We add *process noise*.

Reiterating the Kalman filter again in all its glory, let's reduce it again, but this time include the process noise term.

$$\begin{eqnarray*}
\hat{\vec{x}}^-_i&=&\M A\hat{\vec{x}}_{i-1} \\
\MM{P}{^-_i}&=&\M A\MM{P}{_i-1}\M A^T+\M Q \\
\M K&=&\MM{P}{^-_i}\M H^T\left(\M H \MM{P}{^-_i}\M H^T+\M R\right)^{-1} \\
\hat{\vec{x}}_i&=&\hat{\vec{x}}^-_i+\M K\left(\vec{z}_i-\M H\hat{\vec{x}}^-_i\right) \\
\MM P{_i}&=&\left(\M 1-\M K\M H\right)\MM{P}{^-_i} \\
\end{eqnarray*}$$

Once again, a cancelfest:

$$\begin{eqnarray*}
x^-_i&=&x_{i-1}\\
P^-_i&=&P_{i-1}+Q \\
K_i&=&\frac{P^-_i}{P^-_i+R}\\
x_i&=&x^-_i+K_i(z_i-x^-_i)\\
P_i&=&(1-K_i)P^-_i
\end{eqnarray*}$$    

Now the estimate covariance never collapses to zero. In fact, it never decreases below the process covariance $Q$, which is what we would expect. If the process really is uncertain, our estimate can never be less than that uncertainty.
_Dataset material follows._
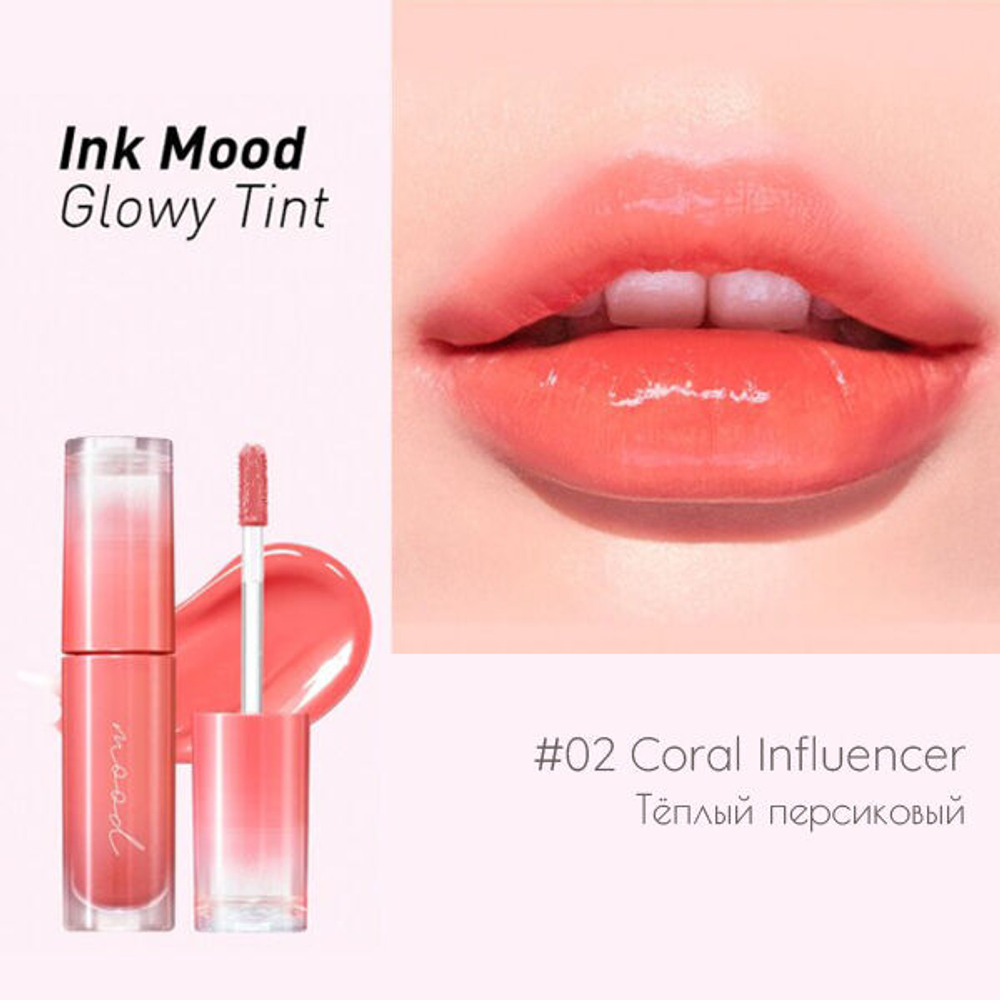 Лёгкий глянцевый тинт для губ Peripera Ink Mood Glowy Tint #02 Coral Influencer, 4г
Lets sic this on the true constant first, to see what we give up:

In [7]:
def kalman_pn_scalar(x,z,Q=0,R=0.01,P0=1,xh0=0):
    #Record of estimate over time
    xh=np.zeros(z.shape)
    P=np.zeros(z.shape)
    K=np.zeros(z.shape)
    P[0]=P0
    xh[0]=xh0
    for i in range(1,z.size):
        #Execute the five-line Kalman filter equations
        xhm=xh[i-1]
        Pm=P[i-1]+Q  #This is the only change, adding Q
        K[i]=Pm/(Pm+R)
        xh[i]=xhm+K[i]*(z[i]-xhm)
        P[i]=(1-K[i])*Pm
    return (xh,P,K)

(x,z)=sim_constant()
(xh,P,K)=kalman_pn_scalar(x,z,Q=0.001)
plt.figure("Constant Measurements and process noise")
plt.plot(z,'k+')
plt.plot(x,'r-')
plt.plot(xh,'b-')
plt.figure("Constant 1-sigma uncertainty with process noise")
plt.semilogy(np.sqrt(P))
plt.figure("Constant Kalman gain with process noise")
plt.semilogy(K)
plt.show()

print("x=%f±%fV"%(xh[-1],np.sqrt(P[-1])))
print("K=%f, memory=%f"%(K[-1],(1-K[-1])/K[-1]))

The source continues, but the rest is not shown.